Supplied information below:

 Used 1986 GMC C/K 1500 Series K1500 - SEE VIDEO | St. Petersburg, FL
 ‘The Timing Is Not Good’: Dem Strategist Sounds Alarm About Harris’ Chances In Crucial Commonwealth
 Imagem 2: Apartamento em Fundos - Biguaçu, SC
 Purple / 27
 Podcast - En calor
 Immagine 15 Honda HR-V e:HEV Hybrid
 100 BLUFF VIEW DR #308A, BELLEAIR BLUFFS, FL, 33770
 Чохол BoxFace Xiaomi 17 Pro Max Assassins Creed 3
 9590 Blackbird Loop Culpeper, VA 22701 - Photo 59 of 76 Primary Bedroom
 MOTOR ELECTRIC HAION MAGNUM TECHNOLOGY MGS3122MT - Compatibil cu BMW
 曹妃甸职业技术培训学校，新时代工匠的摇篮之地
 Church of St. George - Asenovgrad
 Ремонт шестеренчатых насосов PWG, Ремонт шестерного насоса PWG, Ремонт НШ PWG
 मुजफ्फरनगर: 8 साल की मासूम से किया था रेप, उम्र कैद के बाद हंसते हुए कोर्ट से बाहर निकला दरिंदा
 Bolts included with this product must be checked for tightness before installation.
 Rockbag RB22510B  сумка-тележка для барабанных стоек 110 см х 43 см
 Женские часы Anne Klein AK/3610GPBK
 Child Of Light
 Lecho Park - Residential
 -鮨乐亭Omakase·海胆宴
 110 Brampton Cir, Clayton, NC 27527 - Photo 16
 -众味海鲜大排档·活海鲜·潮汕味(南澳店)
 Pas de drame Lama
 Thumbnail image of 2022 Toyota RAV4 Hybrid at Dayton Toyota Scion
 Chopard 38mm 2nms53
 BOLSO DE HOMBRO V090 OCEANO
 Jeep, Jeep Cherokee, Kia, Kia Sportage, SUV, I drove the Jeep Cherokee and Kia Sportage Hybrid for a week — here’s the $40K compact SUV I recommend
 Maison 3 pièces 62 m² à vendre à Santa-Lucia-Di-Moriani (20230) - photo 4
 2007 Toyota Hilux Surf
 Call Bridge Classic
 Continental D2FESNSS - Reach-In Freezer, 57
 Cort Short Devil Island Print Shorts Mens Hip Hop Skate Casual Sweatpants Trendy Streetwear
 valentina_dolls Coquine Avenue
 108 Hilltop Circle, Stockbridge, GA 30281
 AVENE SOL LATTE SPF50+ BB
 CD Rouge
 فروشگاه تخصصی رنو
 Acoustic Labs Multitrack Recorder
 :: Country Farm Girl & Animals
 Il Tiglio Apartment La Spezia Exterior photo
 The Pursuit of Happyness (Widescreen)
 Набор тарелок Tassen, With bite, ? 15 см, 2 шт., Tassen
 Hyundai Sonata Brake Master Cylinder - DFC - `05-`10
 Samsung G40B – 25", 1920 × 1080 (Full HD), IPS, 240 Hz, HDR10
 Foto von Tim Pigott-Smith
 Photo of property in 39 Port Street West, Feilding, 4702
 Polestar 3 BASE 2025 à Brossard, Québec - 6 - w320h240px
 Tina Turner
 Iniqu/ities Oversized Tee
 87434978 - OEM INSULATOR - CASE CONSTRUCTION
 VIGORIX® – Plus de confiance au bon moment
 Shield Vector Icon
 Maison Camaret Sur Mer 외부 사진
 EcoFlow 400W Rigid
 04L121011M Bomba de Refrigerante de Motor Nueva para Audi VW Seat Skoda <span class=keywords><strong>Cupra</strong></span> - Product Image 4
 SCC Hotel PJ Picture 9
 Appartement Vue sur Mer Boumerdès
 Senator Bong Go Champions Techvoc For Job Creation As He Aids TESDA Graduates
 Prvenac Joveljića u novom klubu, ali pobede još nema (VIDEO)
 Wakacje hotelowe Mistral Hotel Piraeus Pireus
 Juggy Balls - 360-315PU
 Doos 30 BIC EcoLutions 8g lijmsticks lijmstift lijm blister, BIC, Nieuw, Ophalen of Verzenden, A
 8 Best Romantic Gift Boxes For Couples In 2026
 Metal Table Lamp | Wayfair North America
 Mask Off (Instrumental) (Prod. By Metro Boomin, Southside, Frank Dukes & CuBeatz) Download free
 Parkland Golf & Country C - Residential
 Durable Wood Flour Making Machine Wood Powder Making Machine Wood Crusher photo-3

End of Supplied information.

Exercise prompt - Reproduce the records above with every character intact.

Solution for this exercise -
 Used 1986 GMC C/K 1500 Series K1500 - SEE VIDEO | St. Petersburg, FL
 ‘The Timing Is Not Good’: Dem Strategist Sounds Alarm About Harris’ Chances In Crucial Commonwealth
 Imagem 2: Apartamento em Fundos - Biguaçu, SC
 Purple / 27
 Podcast - En calor
 Immagine 15 Honda HR-V e:HEV Hybrid
 100 BLUFF VIEW DR #308A, BELLEAIR BLUFFS, FL, 33770
 Чохол BoxFace Xiaomi 17 Pro Max Assassins Creed 3
 9590 Blackbird Loop Culpeper, VA 22701 - Photo 59 of 76 Primary Bedroom
 MOTOR ELECTRIC HAION MAGNUM TECHNOLOGY MGS3122MT - Compatibil cu BMW
 曹妃甸职业技术培训学校，新时代工匠的摇篮之地
 Church of St. George - Asenovgrad
 Ремонт шестеренчатых насосов PWG, Ремонт шестерного насоса PWG, Ремонт НШ PWG
 मुजफ्फरनगर: 8 साल की मासूम से किया था रेप, उम्र कैद के बाद हंसते हुए कोर्ट से बाहर निकला दरिंदा
 Bolts included with this product must be checked for tightness before installation.
 Rockbag RB22510B  сумка-тележка для барабанных стоек 110 см х 43 см
 Женские часы Anne Klein AK/3610GPBK
 Child Of Light
 Lecho Park - Residential
 -鮨乐亭Omakase·海胆宴
 110 Brampton Cir, Clayton, NC 27527 - Photo 16
 -众味海鲜大排档·活海鲜·潮汕味(南澳店)
 Pas de drame Lama
 Thumbnail image of 2022 Toyota RAV4 Hybrid at Dayton Toyota Scion
 Chopard 38mm 2nms53
 BOLSO DE HOMBRO V090 OCEANO
 Jeep, Jeep Cherokee, Kia, Kia Sportage, SUV, I drove the Jeep Cherokee and Kia Sportage Hybrid for a week — here’s the $40K compact SUV I recommend
 Maison 3 pièces 62 m² à vendre à Santa-Lucia-Di-Moriani (20230) - photo 4
 2007 Toyota Hilux Surf
 Call Bridge Classic
 Continental D2FESNSS - Reach-In Freezer, 57
 Cort Short Devil Island Print Shorts Mens Hip Hop Skate Casual Sweatpants Trendy Streetwear
 valentina_dolls Coquine Avenue
 108 Hilltop Circle, Stockbridge, GA 30281
 AVENE SOL LATTE SPF50+ BB
 CD Rouge
 فروشگاه تخصصی رنو
 Acoustic Labs Multitrack Recorder
 :: Country Farm Girl & Animals
 Il Tiglio Apartment La Spezia Exterior photo
 The Pursuit of Happyness (Widescreen)
 Набор тарелок Tassen, With bite, ? 15 см, 2 шт., Tassen
 Hyundai Sonata Brake Master Cylinder - DFC - `05-`10
 Samsung G40B – 25", 1920 × 1080 (Full HD), IPS, 240 Hz, HDR10
 Foto von Tim Pigott-Smith
 Photo of property in 39 Port Street West, Feilding, 4702
 Polestar 3 BASE 2025 à Brossard, Québec - 6 - w320h240px
 Tina Turner
 Iniqu/ities Oversized Tee
 87434978 - OEM INSULATOR - CASE CONSTRUCTION
 VIGORIX® – Plus de confiance au bon moment
 Shield Vector Icon
 Maison Camaret Sur Mer 외부 사진
 EcoFlow 400W Rigid
 04L121011M Bomba de Refrigerante de Motor Nueva para Audi VW Seat Skoda <span class=keywords><strong>Cupra</strong></span> - Product Image 4
 SCC Hotel PJ Picture 9
 Appartement Vue sur Mer Boumerdès
 Senator Bong Go Champions Techvoc For Job Creation As He Aids TESDA Graduates
 Prvenac Joveljića u novom klubu, ali pobede još nema (VIDEO)
 Wakacje hotelowe Mistral Hotel Piraeus Pireus
 Juggy Balls - 360-315PU
 Doos 30 BIC EcoLutions 8g lijmsticks lijmstift lijm blister, BIC, Nieuw, Ophalen of Verzenden, A
 8 Best Romantic Gift Boxes For Couples In 2026
 Metal Table Lamp | Wayfair North America
 Mask Off (Instrumental) (Prod. By Metro Boomin, Southside, Frank Dukes & CuBeatz) Download free
 Parkland Golf & Country C - Residential
 Durable Wood Flour Making Machine Wood Powder Making Machine Wood Crusher photo-3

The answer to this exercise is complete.